**WHAT TO WORK ON:** Going down the data below, set down exactly the line with "Bright laundry room" and each line after it through the line with "A senior couple"; no other lines.

Saved data entries
———

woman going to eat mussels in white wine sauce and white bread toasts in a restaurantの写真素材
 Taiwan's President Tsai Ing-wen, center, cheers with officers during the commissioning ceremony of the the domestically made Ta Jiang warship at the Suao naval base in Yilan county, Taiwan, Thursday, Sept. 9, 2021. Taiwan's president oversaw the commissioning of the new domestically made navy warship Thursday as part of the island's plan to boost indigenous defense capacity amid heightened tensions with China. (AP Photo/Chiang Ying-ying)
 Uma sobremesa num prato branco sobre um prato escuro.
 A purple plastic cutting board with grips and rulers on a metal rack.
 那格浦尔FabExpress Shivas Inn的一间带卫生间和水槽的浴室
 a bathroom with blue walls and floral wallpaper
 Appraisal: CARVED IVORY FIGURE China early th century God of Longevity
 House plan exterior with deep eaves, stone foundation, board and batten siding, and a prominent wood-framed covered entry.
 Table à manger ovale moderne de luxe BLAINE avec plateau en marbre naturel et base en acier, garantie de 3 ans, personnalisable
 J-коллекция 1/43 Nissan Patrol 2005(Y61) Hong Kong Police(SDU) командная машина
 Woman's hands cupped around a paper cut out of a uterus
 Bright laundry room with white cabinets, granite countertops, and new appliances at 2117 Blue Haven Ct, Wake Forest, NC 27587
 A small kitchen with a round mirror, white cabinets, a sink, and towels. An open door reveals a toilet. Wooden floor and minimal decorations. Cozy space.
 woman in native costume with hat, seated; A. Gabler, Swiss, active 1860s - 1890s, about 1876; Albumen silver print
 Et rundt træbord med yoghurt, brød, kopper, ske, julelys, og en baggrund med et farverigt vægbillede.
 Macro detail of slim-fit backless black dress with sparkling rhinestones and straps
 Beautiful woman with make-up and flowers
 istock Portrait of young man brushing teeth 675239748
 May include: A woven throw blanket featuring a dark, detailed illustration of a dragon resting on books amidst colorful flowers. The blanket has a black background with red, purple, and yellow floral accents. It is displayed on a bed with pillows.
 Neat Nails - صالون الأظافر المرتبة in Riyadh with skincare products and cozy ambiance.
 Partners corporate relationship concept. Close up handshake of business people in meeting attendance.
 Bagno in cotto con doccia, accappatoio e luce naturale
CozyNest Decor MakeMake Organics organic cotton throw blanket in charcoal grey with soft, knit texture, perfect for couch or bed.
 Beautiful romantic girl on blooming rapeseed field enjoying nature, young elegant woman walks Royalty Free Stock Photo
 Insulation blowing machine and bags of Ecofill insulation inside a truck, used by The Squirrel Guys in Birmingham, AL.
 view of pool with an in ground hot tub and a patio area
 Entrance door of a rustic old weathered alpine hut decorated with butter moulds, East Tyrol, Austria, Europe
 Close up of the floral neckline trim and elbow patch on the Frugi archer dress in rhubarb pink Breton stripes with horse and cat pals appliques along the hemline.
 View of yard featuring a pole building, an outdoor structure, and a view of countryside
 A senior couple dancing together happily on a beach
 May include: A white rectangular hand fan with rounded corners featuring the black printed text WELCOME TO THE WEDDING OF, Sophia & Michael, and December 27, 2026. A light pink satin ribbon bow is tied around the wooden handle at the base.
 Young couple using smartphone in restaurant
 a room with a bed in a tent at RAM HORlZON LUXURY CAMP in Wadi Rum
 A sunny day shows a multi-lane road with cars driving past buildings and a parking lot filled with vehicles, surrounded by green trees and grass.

———

**PROBLEM SOLUTION:**
 Bright laundry room with white cabinets, granite countertops, and new appliances at 2117 Blue Haven Ct, Wake Forest, NC 27587
 A small kitchen with a round mirror, white cabinets, a sink, and towels. An open door reveals a toilet. Wooden floor and minimal decorations. Cozy space.
 woman in native costume with hat, seated; A. Gabler, Swiss, active 1860s - 1890s, about 1876; Albumen silver print
 Et rundt træbord med yoghurt, brød, kopper, ske, julelys, og en baggrund med et farverigt vægbillede.
 Macro detail of slim-fit backless black dress with sparkling rhinestones and straps
 Beautiful woman with make-up and flowers
 istock Portrait of young man brushing teeth 675239748
 May include: A woven throw blanket featuring a dark, detailed illustration of a dragon resting on books amidst colorful flowers. The blanket has a black background with red, purple, and yellow floral accents. It is displayed on a bed with pillows.
 Neat Nails - صالون الأظافر المرتبة in Riyadh with skincare products and cozy ambiance.
 Partners corporate relationship concept. Close up handshake of business people in meeting attendance.
 Bagno in cotto con doccia, accappatoio e luce naturale
CozyNest Decor MakeMake Organics organic cotton throw blanket in charcoal grey with soft, knit texture, perfect for couch or bed.
 Beautiful romantic girl on blooming rapeseed field enjoying nature, young elegant woman walks Royalty Free Stock Photo
 Insulation blowing machine and bags of Ecofill insulation inside a truck, used by The Squirrel Guys in Birmingham, AL.
 view of pool with an in ground hot tub and a patio area
 Entrance door of a rustic old weathered alpine hut decorated with butter moulds, East Tyrol, Austria, Europe
 Close up of the floral neckline trim and elbow patch on the Frugi archer dress in rhubarb pink Breton stripes with horse and cat pals appliques along the hemline.
 View of yard featuring a pole building, an outdoor structure, and a view of countryside
 A senior couple dancing together happily on a beach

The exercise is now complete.